▶ Task to carry out: Two lines mark the range in the entries below: the one holding "JAJALUYA 2PCS Cold" and the one holding "Men Ski Snowboard". Set down those two and all lines between them, exactly.

▶ Records to use:
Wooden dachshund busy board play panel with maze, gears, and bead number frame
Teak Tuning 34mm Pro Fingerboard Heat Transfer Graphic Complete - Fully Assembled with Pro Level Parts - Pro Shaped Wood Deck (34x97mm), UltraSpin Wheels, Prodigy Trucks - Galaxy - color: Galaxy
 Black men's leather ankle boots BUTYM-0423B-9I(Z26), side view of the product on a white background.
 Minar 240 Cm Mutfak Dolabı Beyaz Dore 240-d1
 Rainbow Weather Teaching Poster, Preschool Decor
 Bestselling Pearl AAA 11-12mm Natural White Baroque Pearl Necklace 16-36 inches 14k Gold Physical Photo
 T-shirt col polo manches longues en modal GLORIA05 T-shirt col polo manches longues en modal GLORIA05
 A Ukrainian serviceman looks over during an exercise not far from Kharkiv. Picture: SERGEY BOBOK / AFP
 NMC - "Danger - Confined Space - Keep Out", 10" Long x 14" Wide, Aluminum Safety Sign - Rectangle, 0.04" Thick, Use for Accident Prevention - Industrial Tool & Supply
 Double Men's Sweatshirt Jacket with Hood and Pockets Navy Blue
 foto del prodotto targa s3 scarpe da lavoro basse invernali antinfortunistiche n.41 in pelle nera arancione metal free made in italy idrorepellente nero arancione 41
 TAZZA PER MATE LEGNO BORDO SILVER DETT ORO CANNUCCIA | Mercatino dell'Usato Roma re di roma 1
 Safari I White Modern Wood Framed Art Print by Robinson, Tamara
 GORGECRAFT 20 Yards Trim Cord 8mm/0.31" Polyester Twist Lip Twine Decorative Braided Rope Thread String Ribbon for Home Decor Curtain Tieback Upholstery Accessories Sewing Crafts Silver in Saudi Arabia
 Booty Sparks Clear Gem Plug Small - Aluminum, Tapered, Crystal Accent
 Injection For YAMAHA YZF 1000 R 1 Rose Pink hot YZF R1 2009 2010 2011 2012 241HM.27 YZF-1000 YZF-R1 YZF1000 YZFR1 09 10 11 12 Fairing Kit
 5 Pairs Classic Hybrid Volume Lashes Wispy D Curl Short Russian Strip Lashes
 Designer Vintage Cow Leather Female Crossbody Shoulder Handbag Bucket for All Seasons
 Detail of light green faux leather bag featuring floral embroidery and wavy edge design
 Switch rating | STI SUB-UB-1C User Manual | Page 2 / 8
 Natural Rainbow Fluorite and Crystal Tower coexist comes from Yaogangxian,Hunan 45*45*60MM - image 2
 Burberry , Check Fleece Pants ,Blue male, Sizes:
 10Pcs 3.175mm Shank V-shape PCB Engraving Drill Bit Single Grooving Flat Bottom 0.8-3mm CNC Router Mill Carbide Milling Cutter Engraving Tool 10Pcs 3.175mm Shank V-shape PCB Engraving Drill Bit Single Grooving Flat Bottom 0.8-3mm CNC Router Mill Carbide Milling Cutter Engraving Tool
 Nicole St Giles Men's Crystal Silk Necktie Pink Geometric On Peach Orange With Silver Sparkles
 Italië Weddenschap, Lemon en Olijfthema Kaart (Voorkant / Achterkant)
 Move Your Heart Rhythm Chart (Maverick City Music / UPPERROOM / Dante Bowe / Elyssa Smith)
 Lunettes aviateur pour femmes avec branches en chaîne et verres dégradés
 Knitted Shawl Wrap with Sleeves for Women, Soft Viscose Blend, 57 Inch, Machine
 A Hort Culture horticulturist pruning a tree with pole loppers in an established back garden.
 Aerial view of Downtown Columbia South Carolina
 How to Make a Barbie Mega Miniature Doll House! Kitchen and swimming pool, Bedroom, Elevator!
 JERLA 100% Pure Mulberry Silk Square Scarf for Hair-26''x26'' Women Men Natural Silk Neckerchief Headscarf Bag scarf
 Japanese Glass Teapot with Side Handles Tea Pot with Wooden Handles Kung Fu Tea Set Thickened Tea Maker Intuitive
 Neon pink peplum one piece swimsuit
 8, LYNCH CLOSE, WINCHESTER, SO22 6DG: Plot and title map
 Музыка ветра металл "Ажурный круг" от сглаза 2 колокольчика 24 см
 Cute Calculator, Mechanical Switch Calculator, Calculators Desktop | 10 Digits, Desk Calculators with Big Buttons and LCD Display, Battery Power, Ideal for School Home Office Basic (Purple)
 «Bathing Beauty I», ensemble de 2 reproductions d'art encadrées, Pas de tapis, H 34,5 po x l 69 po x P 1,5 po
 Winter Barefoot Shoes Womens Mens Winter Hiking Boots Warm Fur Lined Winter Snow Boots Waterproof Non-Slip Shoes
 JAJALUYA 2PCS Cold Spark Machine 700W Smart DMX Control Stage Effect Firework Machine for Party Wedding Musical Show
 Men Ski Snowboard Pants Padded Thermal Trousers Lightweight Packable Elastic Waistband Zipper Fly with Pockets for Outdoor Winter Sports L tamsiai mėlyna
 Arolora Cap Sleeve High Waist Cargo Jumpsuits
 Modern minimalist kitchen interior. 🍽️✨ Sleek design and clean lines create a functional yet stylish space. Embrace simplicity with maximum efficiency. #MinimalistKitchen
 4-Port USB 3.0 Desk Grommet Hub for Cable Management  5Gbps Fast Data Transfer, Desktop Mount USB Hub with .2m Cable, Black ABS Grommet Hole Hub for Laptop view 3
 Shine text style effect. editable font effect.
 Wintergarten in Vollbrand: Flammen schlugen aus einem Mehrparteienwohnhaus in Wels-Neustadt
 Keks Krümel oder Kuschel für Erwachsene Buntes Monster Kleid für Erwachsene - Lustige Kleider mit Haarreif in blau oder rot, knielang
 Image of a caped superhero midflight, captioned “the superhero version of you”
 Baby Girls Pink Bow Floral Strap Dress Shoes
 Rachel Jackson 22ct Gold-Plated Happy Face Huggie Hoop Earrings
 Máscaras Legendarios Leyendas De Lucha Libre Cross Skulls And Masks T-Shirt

▶ Answer to this task:
 JAJALUYA 2PCS Cold Spark Machine 700W Smart DMX Control Stage Effect Firework Machine for Party Wedding Musical Show
 Men Ski Snowboard Pants Padded Thermal Trousers Lightweight Packable Elastic Waistband Zipper Fly with Pockets for Outdoor Winter Sports L tamsiai mėlyna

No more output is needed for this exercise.